Optimising Thermal Proteome Profiling experimental design with GPMelt
Confirmed Presenter: Cecile Le Sueur, EMBL Heidelberg, Germany
Room: 525
Format: In Person
Moderator(s): Timo Sachsenberg
Authors List: Show
- Cecile Le Sueur, EMBL Heidelberg, Germany
- Pablo Rivera-Mejías, EMBL Heidelberg, Germany
- Isabelle Becher, EMBL Heidelberg, Germany
- Mikhail Savitski, EMBL Heidelberg, Germany
- Magnus Rattray, The University of Manchester, United Kingdom
Presentation Overview: Show
Thermal proteome profiling (TPP) combines cellular thermal shift assay and quantitative mass spectrometry to explore protein interactions and states proteome-wide. Temperature range TPP (TPP-TR) datasets consist of protein melting curves, quantifying non-denatured proteins across a temperature gradient. Thermal stability changes are statistically evaluated by comparing melting curves between conditions, like drug treatment versus control. While powerful and versatile in uncovering new biology, TPP's experimental cost, including consumables and mass spectrometry measurement time, limits its accessibility to well-funded researchers. Moreover, the sample requirements hinder its application to rare samples.

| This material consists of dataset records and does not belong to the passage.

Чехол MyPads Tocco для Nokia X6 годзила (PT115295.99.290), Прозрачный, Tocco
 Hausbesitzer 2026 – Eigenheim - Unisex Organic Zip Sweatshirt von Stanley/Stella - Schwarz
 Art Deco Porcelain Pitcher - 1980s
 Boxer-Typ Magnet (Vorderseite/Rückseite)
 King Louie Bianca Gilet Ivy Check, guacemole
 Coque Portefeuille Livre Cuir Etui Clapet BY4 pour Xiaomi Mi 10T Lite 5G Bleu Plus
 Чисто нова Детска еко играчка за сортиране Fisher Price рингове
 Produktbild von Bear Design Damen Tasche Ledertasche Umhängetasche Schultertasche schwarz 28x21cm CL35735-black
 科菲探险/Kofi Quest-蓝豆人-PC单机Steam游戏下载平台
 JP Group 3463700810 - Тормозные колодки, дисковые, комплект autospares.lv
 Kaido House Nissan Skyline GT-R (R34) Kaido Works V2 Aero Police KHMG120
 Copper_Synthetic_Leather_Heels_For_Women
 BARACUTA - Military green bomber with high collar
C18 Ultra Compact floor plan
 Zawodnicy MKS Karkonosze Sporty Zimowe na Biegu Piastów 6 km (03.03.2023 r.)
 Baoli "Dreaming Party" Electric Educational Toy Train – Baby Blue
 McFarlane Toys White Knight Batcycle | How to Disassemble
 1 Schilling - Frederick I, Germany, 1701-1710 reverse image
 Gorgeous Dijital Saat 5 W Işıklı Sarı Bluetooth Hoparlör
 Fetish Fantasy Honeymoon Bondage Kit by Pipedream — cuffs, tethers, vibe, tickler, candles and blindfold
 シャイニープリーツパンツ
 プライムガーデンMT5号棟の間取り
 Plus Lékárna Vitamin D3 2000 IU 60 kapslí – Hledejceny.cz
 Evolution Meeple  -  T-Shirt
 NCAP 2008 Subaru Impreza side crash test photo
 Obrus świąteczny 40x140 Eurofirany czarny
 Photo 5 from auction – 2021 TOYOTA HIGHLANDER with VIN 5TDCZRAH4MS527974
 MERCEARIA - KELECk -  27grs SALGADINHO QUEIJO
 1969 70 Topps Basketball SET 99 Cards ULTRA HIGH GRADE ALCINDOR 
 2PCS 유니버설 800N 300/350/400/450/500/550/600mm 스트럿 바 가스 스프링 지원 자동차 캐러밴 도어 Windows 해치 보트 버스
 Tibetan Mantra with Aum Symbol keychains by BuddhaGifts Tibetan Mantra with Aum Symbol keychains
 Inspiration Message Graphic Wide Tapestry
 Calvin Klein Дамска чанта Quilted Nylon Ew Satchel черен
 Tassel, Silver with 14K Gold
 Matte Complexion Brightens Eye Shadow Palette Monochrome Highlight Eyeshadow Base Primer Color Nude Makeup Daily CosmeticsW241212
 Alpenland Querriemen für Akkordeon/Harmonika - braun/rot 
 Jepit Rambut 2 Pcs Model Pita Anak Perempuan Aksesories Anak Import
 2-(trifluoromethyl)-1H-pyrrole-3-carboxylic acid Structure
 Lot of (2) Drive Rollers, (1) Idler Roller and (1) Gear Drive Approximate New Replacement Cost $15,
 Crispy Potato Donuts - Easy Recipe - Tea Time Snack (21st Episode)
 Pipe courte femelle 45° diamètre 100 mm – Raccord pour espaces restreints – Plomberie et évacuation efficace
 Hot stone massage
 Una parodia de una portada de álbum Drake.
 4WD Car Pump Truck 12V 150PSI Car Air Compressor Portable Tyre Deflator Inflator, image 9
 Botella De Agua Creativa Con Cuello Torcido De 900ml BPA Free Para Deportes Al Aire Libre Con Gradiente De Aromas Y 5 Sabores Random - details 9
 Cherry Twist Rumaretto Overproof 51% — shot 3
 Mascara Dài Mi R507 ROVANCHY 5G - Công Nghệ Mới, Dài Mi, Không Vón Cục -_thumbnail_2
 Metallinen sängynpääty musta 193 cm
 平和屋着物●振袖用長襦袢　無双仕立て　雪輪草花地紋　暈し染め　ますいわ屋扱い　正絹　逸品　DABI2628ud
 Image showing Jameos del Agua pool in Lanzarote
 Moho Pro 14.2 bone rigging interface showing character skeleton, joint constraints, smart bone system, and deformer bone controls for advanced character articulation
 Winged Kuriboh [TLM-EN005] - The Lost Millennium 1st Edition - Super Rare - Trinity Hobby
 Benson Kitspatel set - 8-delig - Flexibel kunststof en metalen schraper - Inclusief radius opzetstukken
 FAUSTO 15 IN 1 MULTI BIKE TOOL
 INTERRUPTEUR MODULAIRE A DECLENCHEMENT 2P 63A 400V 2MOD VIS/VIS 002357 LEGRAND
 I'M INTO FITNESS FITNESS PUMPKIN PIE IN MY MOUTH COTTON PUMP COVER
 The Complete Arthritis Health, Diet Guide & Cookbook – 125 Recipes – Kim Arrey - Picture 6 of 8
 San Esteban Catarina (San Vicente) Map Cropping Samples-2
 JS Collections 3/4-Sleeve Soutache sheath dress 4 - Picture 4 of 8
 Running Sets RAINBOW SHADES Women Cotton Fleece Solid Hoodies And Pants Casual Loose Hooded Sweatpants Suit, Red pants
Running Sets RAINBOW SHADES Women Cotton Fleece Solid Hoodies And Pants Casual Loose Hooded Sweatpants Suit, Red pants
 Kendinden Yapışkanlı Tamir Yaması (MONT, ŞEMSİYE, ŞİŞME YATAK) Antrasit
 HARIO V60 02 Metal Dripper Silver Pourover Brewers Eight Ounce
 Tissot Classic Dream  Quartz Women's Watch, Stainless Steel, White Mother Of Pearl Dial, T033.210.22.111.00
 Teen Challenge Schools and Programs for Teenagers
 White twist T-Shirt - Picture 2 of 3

We recently introduced GPMelt, a statistical framework for TPP-TR datasets based on hierarchical Gaussian process models, robustly integrating replicates information and handling any melting curve shape. Here, we propose an enhanced GPMelt model together with an optimized low-cost and low-sample TPP-TR experimental design. By halving the consumables and mass spectrometry measurement time, this work broadens TPP-TR accessibility to a wider scientific community and opens its application to precious samples. Additionally, it establishes a smooth connection between TPP-TR and 2D-TPP protocols and analyses. 2D-TPP datasets compare protein thermal stability across a larger number of conditions, using a distinct sample multiplexing strategy that hinders melting curves reconstruction. Adapting this multiplexing strategy in combination with the enhanced GPMelt model strengthens 2D-TPP discoveries by retaining melting curves modeling, and hence key biological information. Collectively, extensions to the GPMelt model, combined with optimised experimental designs for both TPP-TR and 2D-TPP, can significantly increase TPP’s effectiveness and dissemination among scientists, paving the way for groundbreaking biological discoveries.